Special to The Seattle Times
Seattle Symphony OrchestraLeonard Slatkin, guest conductor, Jean-Yves Thibaudet, piano, noon Friday, 8 p.m. Saturday, Benaroya Hall, 200 University St., Seattle; $17-$107 (206-215-4747 or www.seattlesymphony.org).
CONCERT REVIEW |
The Seattle Symphony's current program has a couple of attention-grabbing features. It has world-class guest artists: legendary American conductor Leonard Slatkin and French pianist Jean-Yves Thibaudet, the latter making his Seattle Symphony debut. And then there's the intriguing pairing of Gershwin and Tchaikovsky.
Do kosher hot dogs go with borscht? One way to find out.
But under this radar of the obvious flies a wonderful surprise, in the form of a newish work by Northwest-born composer Cindy McTee. "Double Play" for Orchestra, premiered less than a year ago by Slatkin in Detroit, is an absolutely crackerjack piece, one of those rare works that is immediately accessible without saccharine.
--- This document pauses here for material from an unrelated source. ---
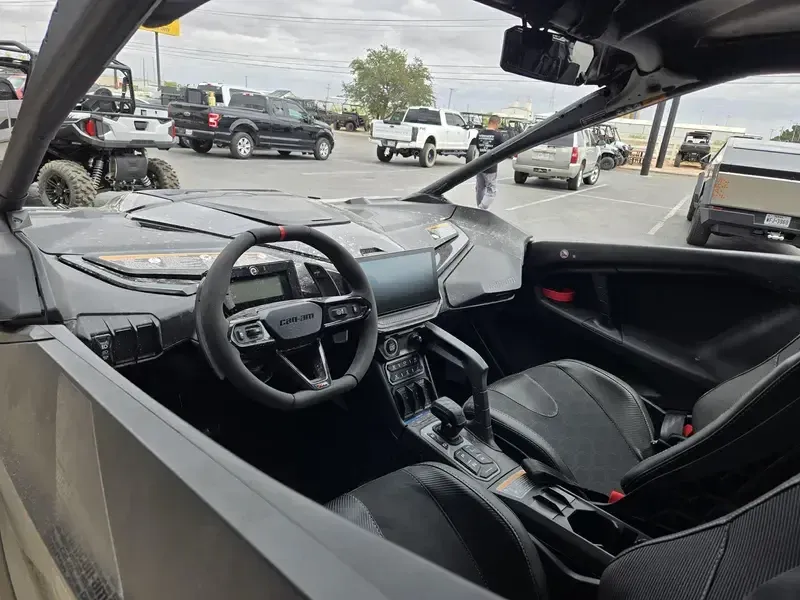 2025 Can-Am MAVERICK R MAX X RS 999T DCT TRIPLE BLACK Image 6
The first hearing is deeply satisfying, with enough substance and delight to invite repeated listening.
The first movement, "The Unquestioned Answer," plays with the themes of Charles Ives' "The Unanswered Question," with fascinating textures from the percussion section and an air of mystery from the harmonic bed of strings. The second movement, "Tempus Fugit," has enough drive and energy to give the "Peter Gunn" theme a run for its money. As the Latin title suggests, time flies, as do violin bows. The composer was at the concert on Thursday night, and she must have been pleased with both the performance and the enthusiastic response.
When Thibaudet trotted out to the piano to perform the Gershwin Concerto in F, there was an immediate energy in the room that everyone knew would be channeled into the music. The jaunty jazz chords in the brass introduced the bluesy piano solo of the first movement, and it was not long before Thibaudet proved he is a pianist who can do anything. There is enough range just in the first movement to show off lyrical sensitivity, technical mastery and syncopated jive. The quieter second movement, it must be said, had a co-star: trumpeter David Gordon's extended solos evoked a beautiful New York evening, Fred Astaire strolling down Park Avenue. The driving conclusion to the concerto had the audience standing and roaring.
The lush Russian romanticism of Tchaikovsky's Symphony No. 5 proved surprisingly compatible with Gershwin's American flavors. Slatkin's conducting has always been a wonder of expression and discipline. He is able to move large ensembles through tight places with great precision, without losing any of the heart in the music. They traveled a complex journey together from somber woodwinds to glorious soaring strings, and sent the crowd home very happy.